- Artist: Jonathan Borofsky
- Year: 2004
- Medium: Stainless steel
- Subject: Male and female human figures
- Dimensions: 15.5 m cm (51 ft. in)
- Weight: 20,000–28,000 lb (9,100–12,700 kg) (approx.)
- Location: Baltimore, Maryland; 39°18′26″N 76°36′57″W﻿ / ﻿39.3071°N 76.6159°W;
- Owner: City of Baltimore

= Male/Female (Borofsky) =

Sculpture by Jonathan Borofsky

Male/Female is a 15.5 meter tall hollow stainless steel sculpture by Jonathan Borofsky standing at the entrance to Penn Station in Baltimore, Maryland. It depicts intersecting colossal male and female forms with pulsing light-emitting diode light.

==History==
Male/Female is a work of public art commissioned by the Municipal Art Society of Baltimore City, a private non-profit organization founded in 1899 "to provide sculptural and pictoral [sic] decoration and ornaments for the public buildings, streets and open spaces in the City of Baltimore, and to help generally beautify the City." Male/Female was created by artist Jonathan Borofksy as the centerpiece of a re-designed plaza in front of Penn Station. The project celebrated the Municipal Art Society's centennial and was completed in 2004. The sculpture was given to the City as a gift.

==Critical reception==
Male/Female has generated considerable controversy ever since its installation. Its defenders cite the contemporary imagery and artistic expression as complementing an urban landscape, while opponents criticize what they decry as a clash with Penn Station's Beaux-Arts architecture, detracting from its classic lines.

It has been named both Baltimore's kinkiest piece of public art, "The Invasion of the 50-Foot She-Male" that "bends genders and may very well affirm life", and one of the city's best "bizarre" statues.

The Baltimore Sun editorially characterized it as "oversized, underdressed, and woefully out of place" at the time of its unveiling. Two years later, the Sun continued its criticism, saying:

Could this explain why defenders of "Male/Female", the sculpture in front of Penn Station, get so irritable? That large piece of quadrupedal artwork is out there all on its own, unclothed of commemorative armor that might deflect public criticism – unless you want to think of it as a memorial to the war between the sexes, but that's an issue that people tend to have a lot of different and strongly held opinions about anyway. No, "Male/Female" gets a lot of attention strictly on its artistic merits, and much of it isn't very positive, especially concerning its setting in front of the Beaux–Arts railroad station. This drives its proponents up the wall."

Baltimore Sun columnist Dan Rodricks also ridiculed the artwork, writing on August 26, 2007, "Patrons of art here paid $750,000 for a 51-foot sculpture ... that looks like Gort from The Day the Earth Stood Still. I look at it and want to say: 'Klaatu barada nikto!' It's the first thing visitors see when they walk out of the train station." Another Sun reporter, commenting in July 2008 on what she described as the "stormy relationship" between Baltimore and public art, said "People's hate for Penn Station's behemoth Male/Female sculpture has burned for years."

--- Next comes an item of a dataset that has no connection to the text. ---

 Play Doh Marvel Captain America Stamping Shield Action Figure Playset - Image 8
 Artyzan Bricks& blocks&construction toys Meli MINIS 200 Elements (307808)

The statue has been featured a few times in the Zippy comic strip, beginning with the August 26, 2004 installment. Its cartoonist, Bill Griffith, opined that "the sculpture as I look at it is both intriguing and compelling but also a little kitschy, and I like that. It's a nice place to be – high art and low art at the same time." He was also attracted to its message that people are full of contradictions and its provocativeness, stating that "you can't not react to it."

Conceptual plans presented by developers in 2021 for the improvement of Penn Station and its environs did not include the controversial Male/Female aluminum statue. The developers said no decision has been reached about its future. In a June 8, 2021, editorial, the Baltimore Sun called for public input on the issue.

==Other locations==
Smaller versions of the sculpture exist in Kagoshima, Japan (24 ft tall), Bielefeld, Germany (30 ft tall), and Grand Rapids, Michigan at the Frederik Meijer Gardens & Sculpture Park (23 feet (7 m) tall).